I'm puzzled by some very simple concept with building up a spectrogram.

Here is a toy example of the issue:

import numpy as np
import scipy
from scipy import signal
import matplotlib.pyplot as plt

f0 = 5
t = 2
fs = 250
N = t*fs
t = np.linspace(0, t, N, endpoint=False)
x = np.sin(2*scipy.pi*f0*t)
f, t, Sxx = signal.spectrogram(x, fs)
plt.pcolormesh(t, f, Sxx)
plt.ylabel('Frequency [Hz]')
plt.xlabel('Time [sec]')
plt.show()

What I get for t puzzles me, I get [0.512,1.408]. I would expect to get an array starting from 0.0 to 2.0 seconds long - so if I want to see the power spectrum density in 1.8 seconds I could easily do so.

I probably miss something pretty basic, so it would be great if someone could shed some light on this.

Mike.

• Does using 0.0 (float) as start point give a different result than 0 (integer)? – Juancho Jun 9 '17 at 13:47

The default parameters of signal.spectrogram are:

nperseg = 256
noverlap = nperseg/8 = 32

This means that:

• The length of analysis window is $256$ samples ($256/250 = 1.024$ second)
• The overlap between consecutive windows is $32$ samples ($32/250 = 0.128$ second)

The timestamps returned by signal.spectrogram correspond to the centres of a window. So in your case, the first timestamp should be at $256/2 = 128$ samples, which is equal to $0.512$ seconds given a sampling frequency of $250 \mathrm{Hz}$.
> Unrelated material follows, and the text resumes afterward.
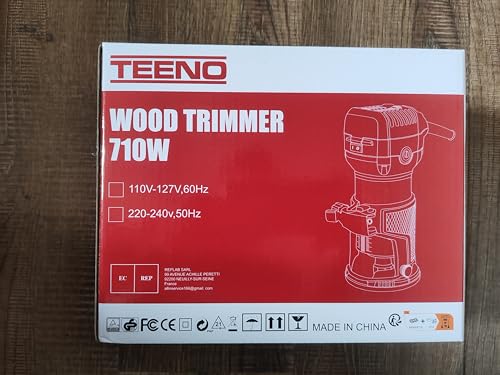 TEENO Router Trimmer 710W with Dust Extraction Connection, Electric Hand Wood Router 13000-33000 RPM with 15PCS 1/4" Router Bit Set, 6 Variable Speeds, Includes Trimmer Base 6/6.35/8 mm, Canvas Bag 9 TEENO Router Trimmer 710W with Dust Extraction Connection, Electric Hand Wood Router 13000-33000 RPM with 15PCS 1/4" Router Bit Set, 6 Variable Speeds, Includes Trimmer Base 6/6.35/8 mm, Canvas Bag - Image 9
The beginning of the next window will be shifted by $256-32 = 224$ samples ($32$ is an overlap), so its centre will be at $224 + 128 = 352$ samples (which corresponds to $1.408$ second). The end of the second window is at $480$ samples, so there is not enough data to process more frames.

This explains why your time vector is [0.512, 1.408].

Here is a graphical explanation:

So if you want to achieve a specific frequency spacing, you must modify the nperseg and noverlap parameters.